Haunted History: The Tower of London

Welcome to the most haunted building in the UK, and has actually been named as one of the most, if not THE most, haunted building in the world.

Known as Her Majesty’s Royal Palace and Fortress, construction on the Tower began around 1066-1078 by William the Conquerer, and was gradually built up for the next four centuries.
When many think of the Tower of London, what comes to mind is hellish torture techniques and hundreds of grisly murders that occurred within it’s walls. Contrary to popular belief that was brought upon by 16th century propagandists and writers, only seven people were actually executed here. However, the reason for this castle’s reputation as the most haunted building in existence likely does not have to do with the executions that took place here, but the level of emotional distress of those who were imprisoned here, or those who were involved in the battles that took place at this site. The Tower of London was, surprisingly, the setting of more drama than death; drama that ranged from forbidden marriages to royal family scandals of such magnitude that even centuries later, people still speak of them.
The most well-known ghost here is that of Queen Anne Boleyn, who was decapitated at the tower in 1536. Visitors to the tower have reported seeing her numerous times, mostly around where she was executed.
Another frequently sighted is that of Arbella Stewart, who married William Seymore, nephew of Lady Jane Grey. The marriage was not blessed by the king, and was therefore forbidden. The couple was arrested and forcibly separated. Arbella was put under house arrest while William was sent to the tower for imprisonment. Arbella plotted for his release and they planned to escape to France.

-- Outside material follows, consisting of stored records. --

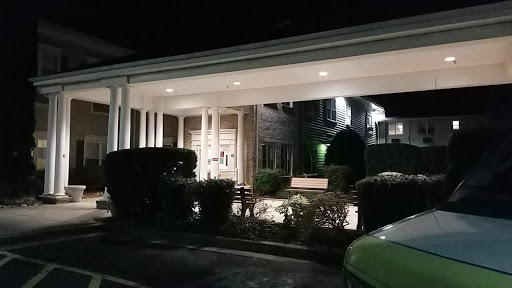 A well-lit entrance of a building at night surrounded by neatly trimmed hedges.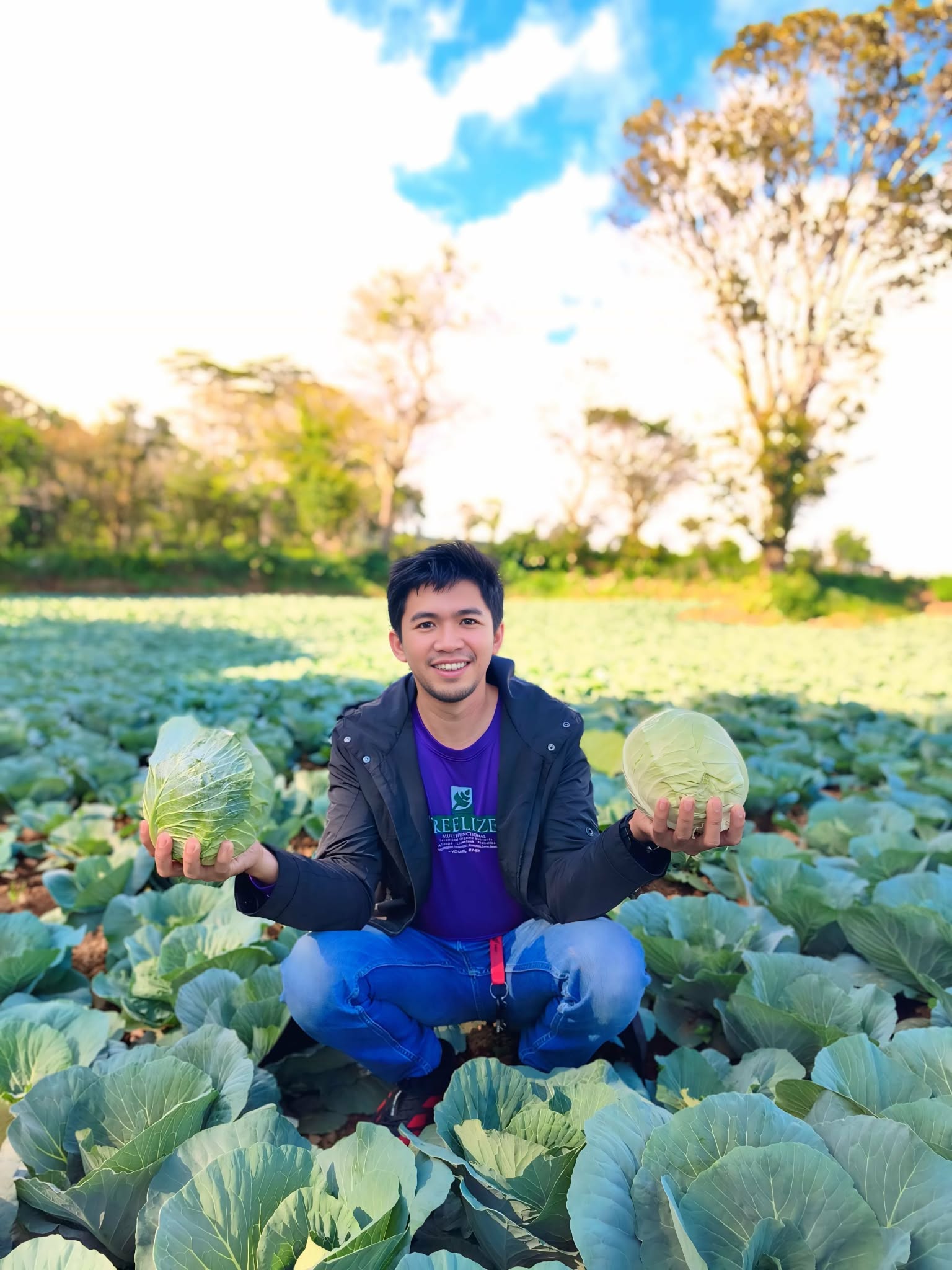 A worker applying product in a vegetable field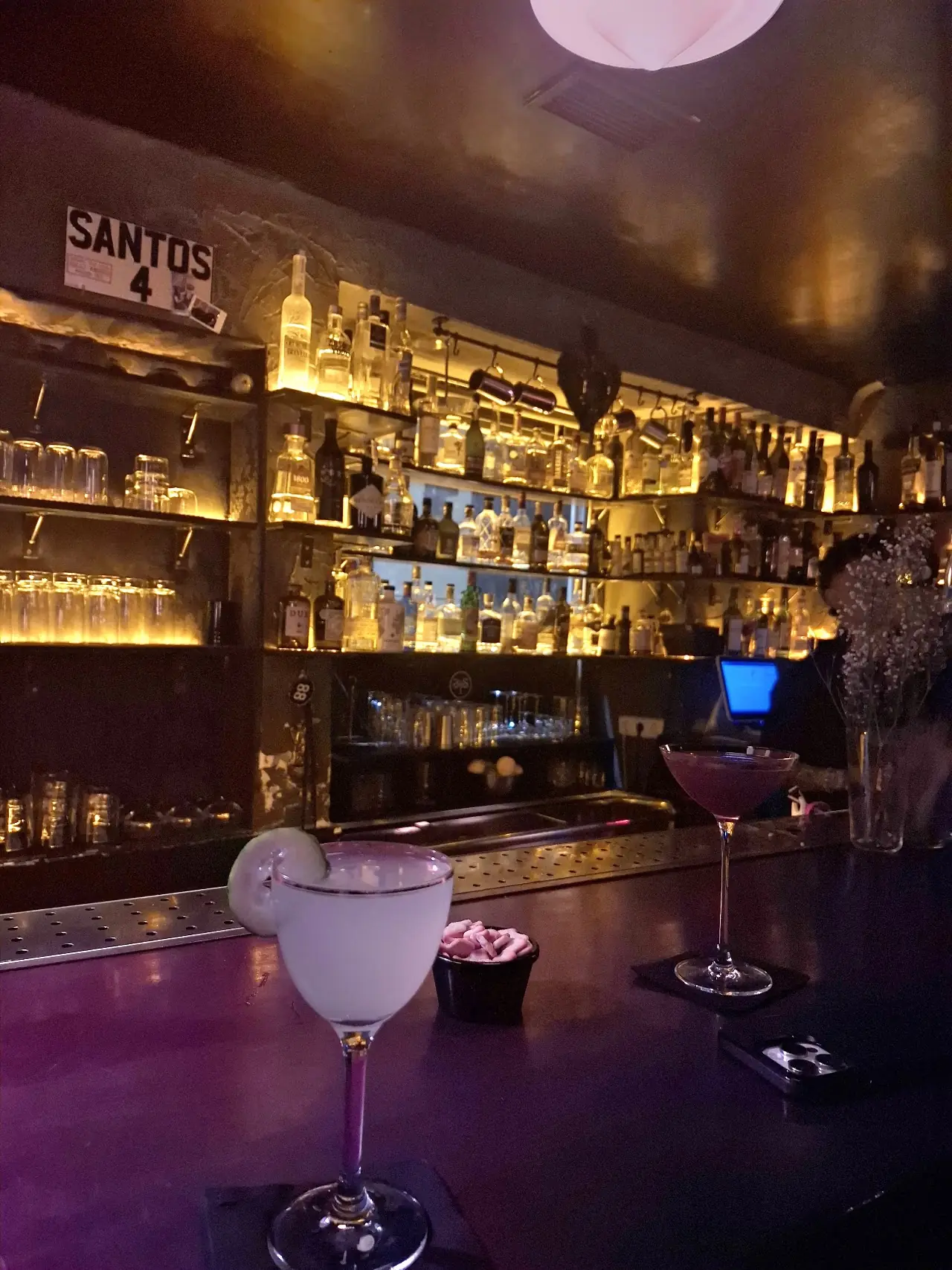 Two cocktails on the bar in front of backlit shelves of bottles and the Santos sign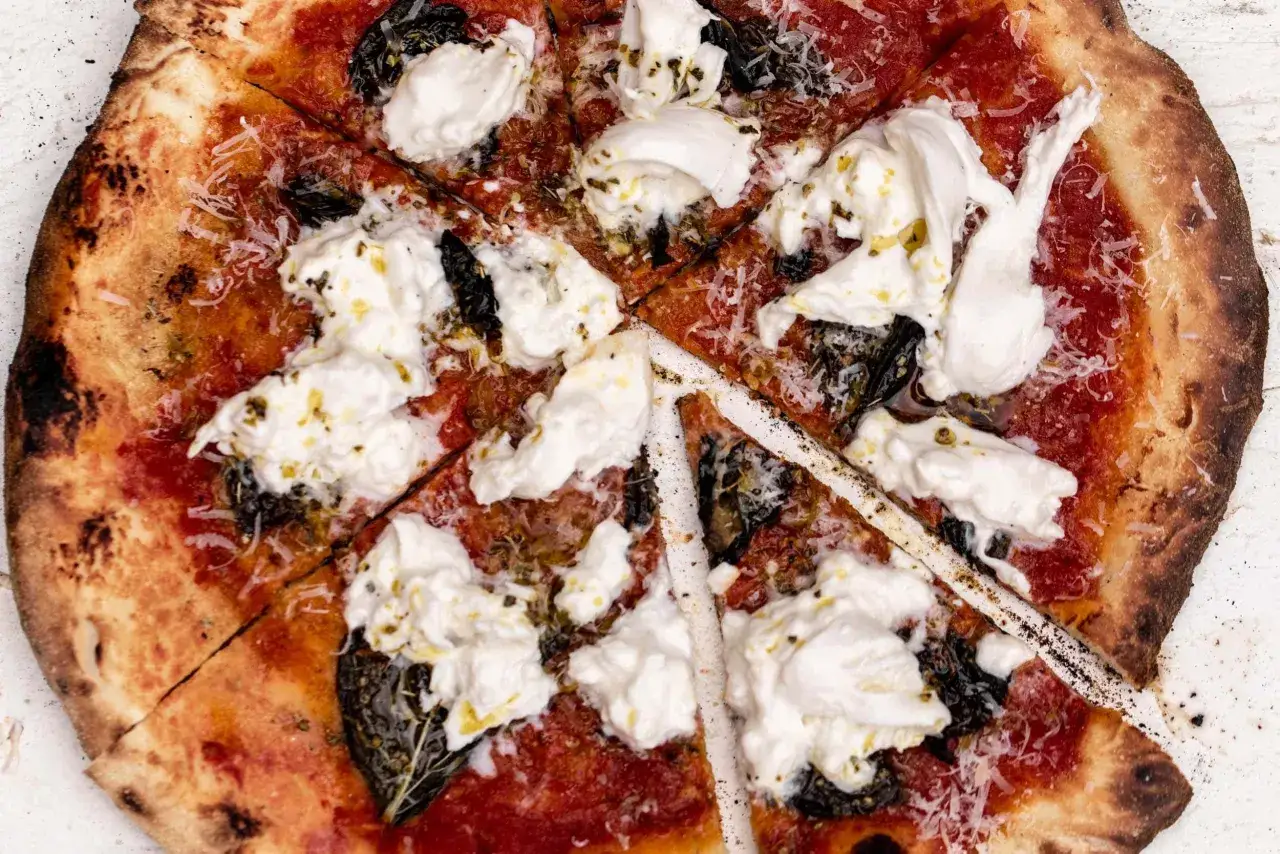 Pyszna pizza z burrata, polana oliwą i posypana parmezanem. Idealna na wspólne chwile.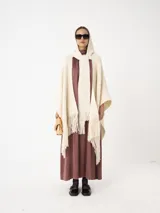 Ruana color crudo de tejido de punto grueso con capucha y bufanda integrada. Presenta flecos en el borde inferior.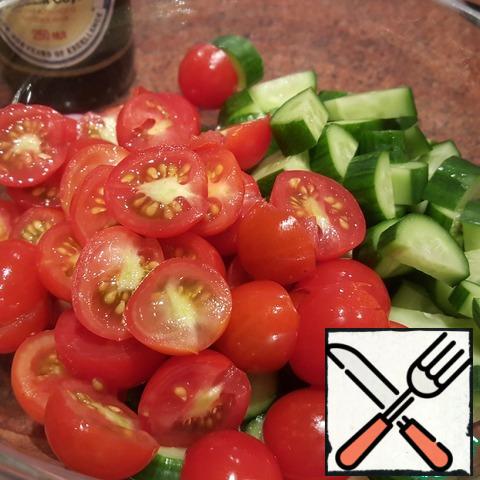 Cherry tomatoes cut in half, cut cucumbers into circles or halves, depending on the size. Put in a salad bowl.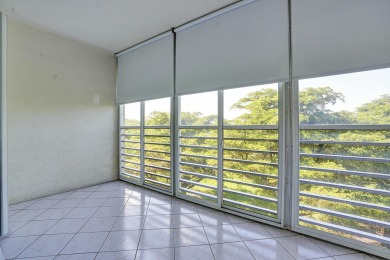 Enjoy the best of 55+ living in this lovely 2-bedroom, 2-bath on Wynmoor Golf Course in Florida - for sale on GolfHomes.com, golf home, golf lot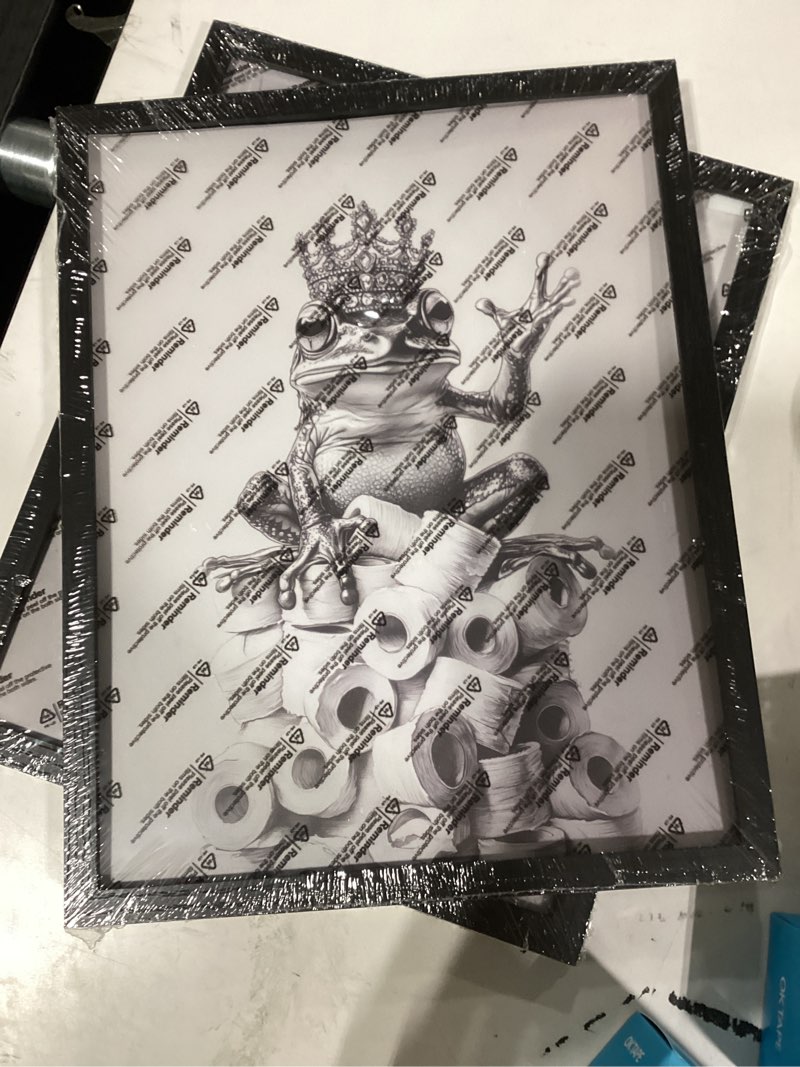 Condition photo showing New/Like New for Orvannaatr Bathroom Picture Wall Decor, Framed Black and White Bathroom Wall Art Wear Crown Frog Toilet Paper Pile - Playful Bathroom Wall Decor Animal Art Black and White be Hung Directly 14"L x 11"W Frog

When William was freed, he did not get the message that Arbella would meet him in France, so he didn’t know where she had gone. Arbella was recognized in France and was forcibly sent back to England, this time to the tower, where she learned of William’s freedom but couldn’t find him. She died of natural causes in the Queen’s House in 1636, but it’s said that she still wanders the halls of the tower, looking for her beloved William.
The saddest of all the tales involving the tower is of two young princes, Edward V and his brother Richard. While no one knows what happened, an awful scandal involving their uncle the Duke of Gloucester may have resulted in their uncle ordering his nephews to be murdered. It is said that he convinced Parliament that the two boys were conceived illegitimately, and the boys were sent to the tower. Whilst there, the princes went missing, having last been seen playing together at the grounds, and rumors flew over what may have happened to them. Speculation began after the discovery of two young boys’ skeletons under the staircase in the White Tower. After the White Tower underwent some renovations, people reported seeing the apparitions of two little boys playing near the staircase before fading away. Their voices and giggling have been heard by several people, including tower guards, throughout the years.

Today, the Tower is one of the most familiar landmarks in the world, and is cared for by the Historic Royal Palace and protected as a World Heritage Site. You can even buy tickets to tour through it, and maybe catch a glimpse of a young prince from the past running by, or maybe even stumble upon Anne Boleyn herself.